[Opening DATA SHOWN section]

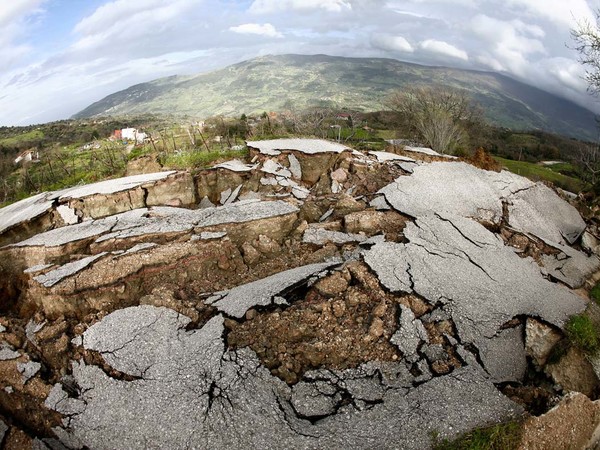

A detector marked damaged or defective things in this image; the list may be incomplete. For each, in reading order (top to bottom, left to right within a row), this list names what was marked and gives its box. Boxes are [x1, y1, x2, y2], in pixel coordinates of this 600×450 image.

landslide damage [0, 139, 596, 448]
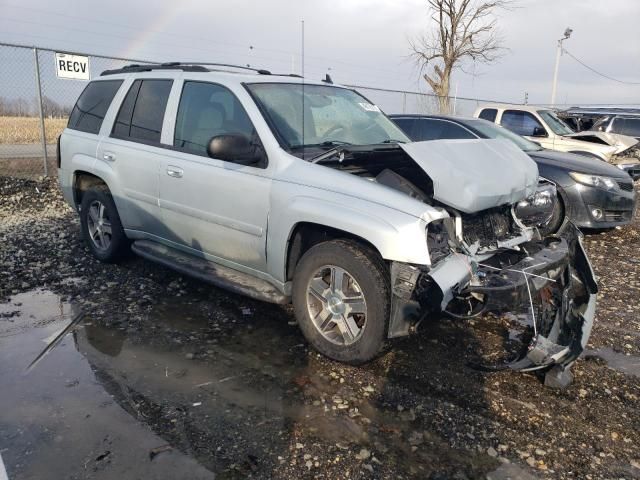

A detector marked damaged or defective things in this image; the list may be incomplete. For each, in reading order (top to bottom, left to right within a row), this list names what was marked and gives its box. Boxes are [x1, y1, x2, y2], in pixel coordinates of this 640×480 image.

damaged silver suv [57, 64, 596, 386]
crumpled front hood [402, 139, 536, 214]
damaged grille [462, 208, 516, 249]
broken headlight [516, 181, 556, 228]
crumpled front hood [564, 131, 640, 154]
detached front bumper [390, 223, 600, 376]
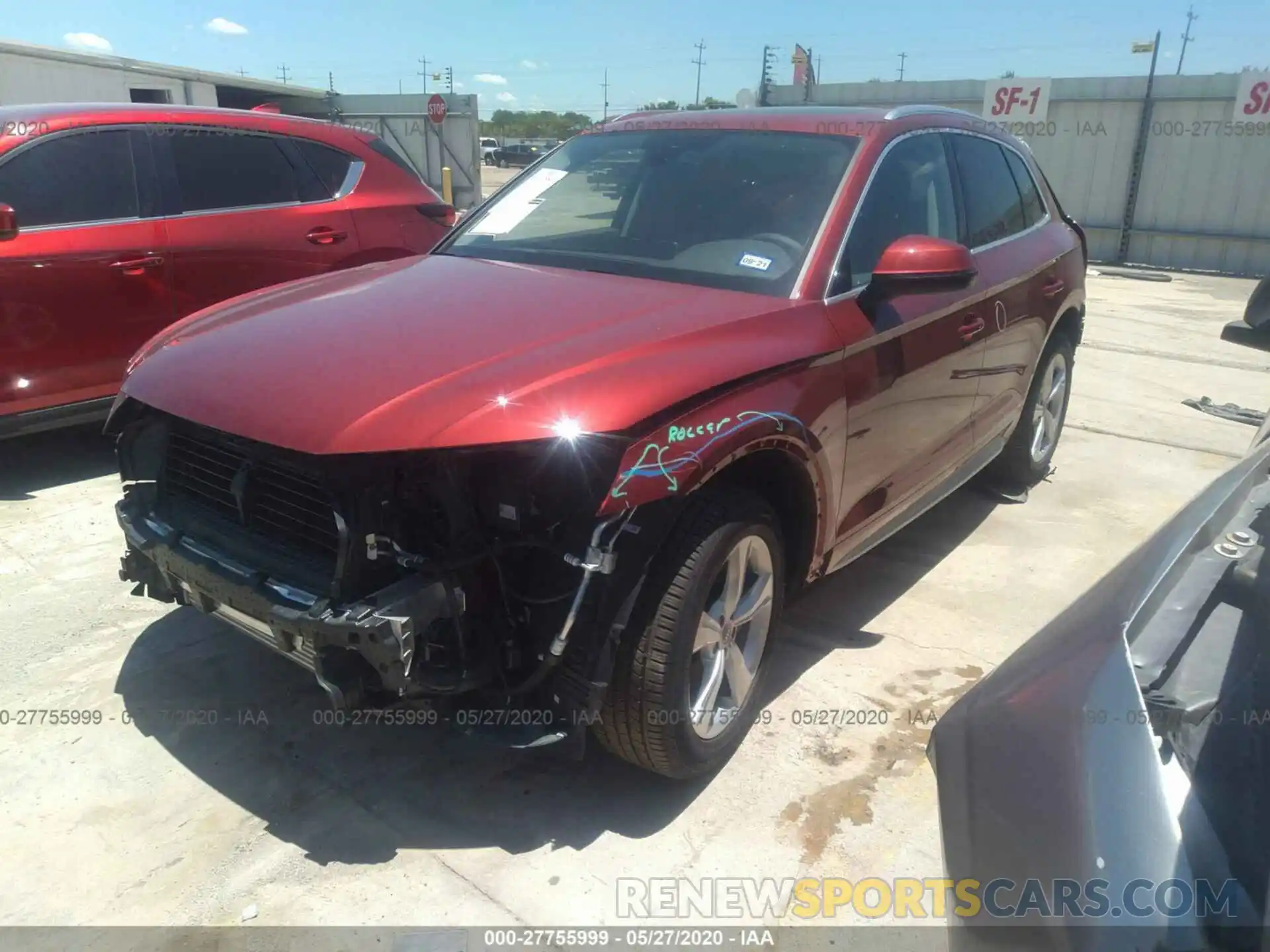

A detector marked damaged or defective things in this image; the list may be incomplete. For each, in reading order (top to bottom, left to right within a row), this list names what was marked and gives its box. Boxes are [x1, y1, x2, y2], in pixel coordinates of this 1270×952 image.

crushed front bumper [114, 497, 590, 751]
damaged red audi q5 [109, 106, 1085, 772]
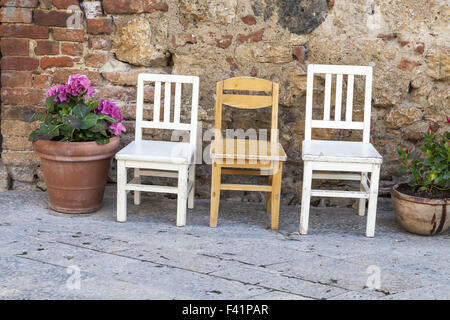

[Closing DATA SHOWN section]

EXERCISE INSTRUCTIONS → From the line that contains "this 640×480 image." through the last line of the entries, transcribe every line exactly, leaving out the pictures.

RESPONSE TO THE TASK →
A detector marked damaged or defective things in this image; the list may be incomplete. For each, in reading order (top to bottom, left to right within a row), this list names what was marked and gives its box. Boxes are [x1, y1, x2, y2], in pixel coordinates of this 640×480 image.

damaged silver suv [57, 64, 596, 386]
crumpled front hood [402, 139, 536, 214]
damaged grille [462, 208, 516, 249]
broken headlight [516, 181, 556, 228]
crumpled front hood [564, 131, 640, 154]
detached front bumper [390, 223, 600, 376]

A detector marked damaged or defective things in this image; the list may be incomplete. For each, in reading order (top to bottom, left to right within a row), this list names what was marked and gives its box. Boxes are [x1, y1, x2, y2], in pixel coordinates of this 1270×952 image.

crushed front bumper [114, 497, 590, 751]
damaged red audi q5 [109, 106, 1085, 772]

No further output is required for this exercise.